Pupi Avati è raggiante per l'inclusione del "Cuore altrove" nella rosa dei venti candidati alla Palma d'oro. "E' come se avessero scelto me, non il mio film", ha dichiarato il regista già premiato con il David per questa pellicola. Avati, unico rappresentante del cinema italiano in gara al 56esimo festival di Cannes, è rimasto sorpreso dall'esclusione di Muccino: "Pensavo proprio che fosse stato scelto per il concorso" ha commentato il regista.
"E' un film che mi appartiene, in cui coinvolgo me stesso in modo autobiografico", ha spiegato Avati. "In precedenza - ha continuato il regista - ero stato a Cannes nel 1991 con Bixx e nel 1993 con Magnificat, ma erano storie altrui.

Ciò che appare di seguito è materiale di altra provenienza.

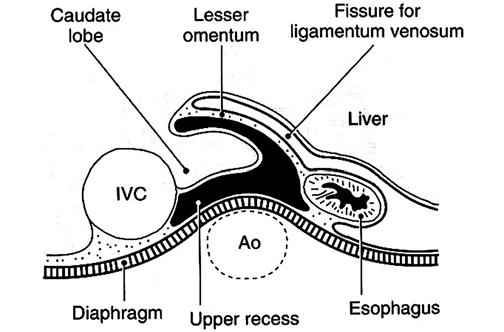 Pathways for the Spread of Disease in the Abdomen and Pelvis 209 Lesser Sac The lesser sac is comprised of superior and inferior recesses [10, 20].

In questo film, invece, sono coinvolto fortemente".
Parlando del cinema italiano, Pupi Avati ha aggiunto: "Ho la certezza che quello passato sia stato un anno di svolta, ci sono tutti i segni per stabilire che il pubblico italiano sia sia affezionato di nuovo al suo cinema. Credevo che anche i francesi se ne fossero resi conto e segnalassero con una presenza più nutrita in concorso questo mutamento. Ma avverrà l'anno prossimo".
Riguardo al festival, il regista ha tuttavia avuto parole di elogio: "La cosa bella è che tutto avviene segretamente. Qualcuno aveva detto che si sarebbe trattato di un festival in tono minore: invece con Von Trier, Van Sant, Babenco e Eastwood c'è da farsi venire i brividi. Io non mi spavento: preferisco godermi questo momento, non chiedendomi neppure come mai proprio questo film ha così vasti apprezzamenti. Poi vedremo cosa succederà".